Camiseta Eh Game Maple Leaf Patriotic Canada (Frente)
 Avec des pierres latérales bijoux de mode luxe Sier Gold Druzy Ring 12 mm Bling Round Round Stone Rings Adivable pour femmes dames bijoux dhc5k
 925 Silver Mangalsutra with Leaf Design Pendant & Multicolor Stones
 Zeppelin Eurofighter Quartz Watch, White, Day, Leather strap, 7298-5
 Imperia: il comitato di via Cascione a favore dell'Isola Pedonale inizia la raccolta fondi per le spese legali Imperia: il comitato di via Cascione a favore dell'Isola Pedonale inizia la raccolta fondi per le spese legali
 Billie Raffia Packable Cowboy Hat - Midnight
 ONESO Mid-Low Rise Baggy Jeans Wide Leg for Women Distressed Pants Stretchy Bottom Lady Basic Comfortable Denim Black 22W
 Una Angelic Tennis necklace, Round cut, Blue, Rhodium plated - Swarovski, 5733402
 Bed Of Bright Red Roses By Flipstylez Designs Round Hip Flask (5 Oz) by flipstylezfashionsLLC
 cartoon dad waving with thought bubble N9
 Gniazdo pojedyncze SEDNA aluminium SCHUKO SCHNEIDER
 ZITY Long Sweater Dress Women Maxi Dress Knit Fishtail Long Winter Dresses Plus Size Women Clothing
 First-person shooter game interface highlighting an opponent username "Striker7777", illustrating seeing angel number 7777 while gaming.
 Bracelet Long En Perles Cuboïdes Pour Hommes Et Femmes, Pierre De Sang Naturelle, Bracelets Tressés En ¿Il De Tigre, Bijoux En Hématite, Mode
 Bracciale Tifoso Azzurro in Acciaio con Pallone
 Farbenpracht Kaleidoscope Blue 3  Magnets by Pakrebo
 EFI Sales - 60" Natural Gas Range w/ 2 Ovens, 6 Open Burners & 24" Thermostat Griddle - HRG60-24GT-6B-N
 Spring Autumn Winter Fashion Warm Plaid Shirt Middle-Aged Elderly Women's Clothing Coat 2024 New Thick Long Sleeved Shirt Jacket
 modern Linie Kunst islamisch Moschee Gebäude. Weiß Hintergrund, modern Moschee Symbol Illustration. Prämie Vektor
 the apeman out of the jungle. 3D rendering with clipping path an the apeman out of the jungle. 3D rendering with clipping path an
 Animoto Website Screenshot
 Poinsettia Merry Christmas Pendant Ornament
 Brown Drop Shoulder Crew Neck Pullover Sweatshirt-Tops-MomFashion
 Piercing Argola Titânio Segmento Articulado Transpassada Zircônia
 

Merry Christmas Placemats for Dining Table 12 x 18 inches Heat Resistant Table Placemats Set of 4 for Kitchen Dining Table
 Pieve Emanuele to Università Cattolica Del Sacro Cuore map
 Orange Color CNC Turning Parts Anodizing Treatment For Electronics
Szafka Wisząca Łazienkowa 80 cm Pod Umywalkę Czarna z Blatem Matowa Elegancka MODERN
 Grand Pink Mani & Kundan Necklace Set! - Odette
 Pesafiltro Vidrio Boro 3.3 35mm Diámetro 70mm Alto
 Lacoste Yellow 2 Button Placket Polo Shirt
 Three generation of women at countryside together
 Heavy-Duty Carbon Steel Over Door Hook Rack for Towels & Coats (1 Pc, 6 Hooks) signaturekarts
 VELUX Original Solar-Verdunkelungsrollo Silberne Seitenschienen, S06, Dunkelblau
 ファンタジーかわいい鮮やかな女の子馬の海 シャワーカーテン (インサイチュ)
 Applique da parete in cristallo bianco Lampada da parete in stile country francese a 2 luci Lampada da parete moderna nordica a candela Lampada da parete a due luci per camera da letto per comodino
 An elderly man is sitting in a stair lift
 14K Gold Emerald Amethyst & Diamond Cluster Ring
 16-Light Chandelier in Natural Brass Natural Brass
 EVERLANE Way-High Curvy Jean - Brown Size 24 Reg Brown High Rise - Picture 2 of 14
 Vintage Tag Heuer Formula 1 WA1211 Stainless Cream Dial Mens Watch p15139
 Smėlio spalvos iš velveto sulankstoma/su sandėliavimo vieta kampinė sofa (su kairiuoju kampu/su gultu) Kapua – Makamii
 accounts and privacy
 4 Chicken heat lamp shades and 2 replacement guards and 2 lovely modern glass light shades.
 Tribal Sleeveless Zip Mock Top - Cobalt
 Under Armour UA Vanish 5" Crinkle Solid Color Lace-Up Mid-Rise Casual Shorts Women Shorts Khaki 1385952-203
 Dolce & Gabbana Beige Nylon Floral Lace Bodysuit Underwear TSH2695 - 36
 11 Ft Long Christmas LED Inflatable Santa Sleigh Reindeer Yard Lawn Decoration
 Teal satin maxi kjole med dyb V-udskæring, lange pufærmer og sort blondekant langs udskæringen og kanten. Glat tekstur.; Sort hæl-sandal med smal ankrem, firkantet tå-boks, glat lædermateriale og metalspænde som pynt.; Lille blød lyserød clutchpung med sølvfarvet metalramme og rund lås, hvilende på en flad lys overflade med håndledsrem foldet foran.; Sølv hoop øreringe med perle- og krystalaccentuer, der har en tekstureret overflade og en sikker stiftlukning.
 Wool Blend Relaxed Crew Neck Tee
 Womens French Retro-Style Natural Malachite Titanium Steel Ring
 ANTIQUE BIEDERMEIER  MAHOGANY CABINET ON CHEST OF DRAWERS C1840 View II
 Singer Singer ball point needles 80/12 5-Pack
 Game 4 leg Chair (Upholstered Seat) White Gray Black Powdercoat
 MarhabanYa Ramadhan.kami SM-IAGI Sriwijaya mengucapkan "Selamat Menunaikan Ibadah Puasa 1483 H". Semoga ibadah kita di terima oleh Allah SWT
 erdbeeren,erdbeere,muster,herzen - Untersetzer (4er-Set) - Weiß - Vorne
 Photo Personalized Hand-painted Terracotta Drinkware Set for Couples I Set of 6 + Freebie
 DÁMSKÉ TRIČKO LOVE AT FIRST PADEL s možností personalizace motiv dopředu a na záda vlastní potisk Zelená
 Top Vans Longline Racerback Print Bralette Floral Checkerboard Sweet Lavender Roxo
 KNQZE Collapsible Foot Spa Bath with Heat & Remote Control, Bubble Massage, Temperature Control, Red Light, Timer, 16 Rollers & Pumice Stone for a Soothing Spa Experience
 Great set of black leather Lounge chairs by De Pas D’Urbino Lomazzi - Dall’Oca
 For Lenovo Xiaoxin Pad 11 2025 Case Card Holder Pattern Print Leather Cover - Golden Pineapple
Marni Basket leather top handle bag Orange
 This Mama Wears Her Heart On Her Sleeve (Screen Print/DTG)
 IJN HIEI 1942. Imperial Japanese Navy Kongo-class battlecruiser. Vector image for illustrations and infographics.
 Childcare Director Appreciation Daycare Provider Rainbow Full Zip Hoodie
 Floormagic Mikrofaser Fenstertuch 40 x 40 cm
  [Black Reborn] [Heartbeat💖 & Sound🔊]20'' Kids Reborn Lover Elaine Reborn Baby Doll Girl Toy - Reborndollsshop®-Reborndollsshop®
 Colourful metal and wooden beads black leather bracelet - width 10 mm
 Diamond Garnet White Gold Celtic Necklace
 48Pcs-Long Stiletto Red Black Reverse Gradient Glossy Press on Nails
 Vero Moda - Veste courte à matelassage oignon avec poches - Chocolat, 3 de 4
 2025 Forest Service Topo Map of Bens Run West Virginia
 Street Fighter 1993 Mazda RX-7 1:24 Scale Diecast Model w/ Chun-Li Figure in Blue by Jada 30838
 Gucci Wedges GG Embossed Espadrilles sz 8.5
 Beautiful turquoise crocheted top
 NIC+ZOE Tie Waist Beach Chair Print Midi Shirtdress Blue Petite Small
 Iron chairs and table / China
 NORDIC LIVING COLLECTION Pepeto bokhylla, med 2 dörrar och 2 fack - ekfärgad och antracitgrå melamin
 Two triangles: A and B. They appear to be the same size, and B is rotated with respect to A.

▶ EXERCISE PROMPT:
Where the listing above reaches the line that contains "Lacoste Yellow 2 Button Placket Polo Shirt", start retyping, and finish with the line that contains "ファンタジーかわいい鮮やかな女の子馬の海 シャワーカーテン (インサイチュ)"; reproduce those lines exactly and no others.

▶ FINISHED TASK:
 Lacoste Yellow 2 Button Placket Polo Shirt
 Three generation of women at countryside together
 Heavy-Duty Carbon Steel Over Door Hook Rack for Towels & Coats (1 Pc, 6 Hooks) signaturekarts
 VELUX Original Solar-Verdunkelungsrollo Silberne Seitenschienen, S06, Dunkelblau
 ファンタジーかわいい鮮やかな女の子馬の海 シャワーカーテン (インサイチュ)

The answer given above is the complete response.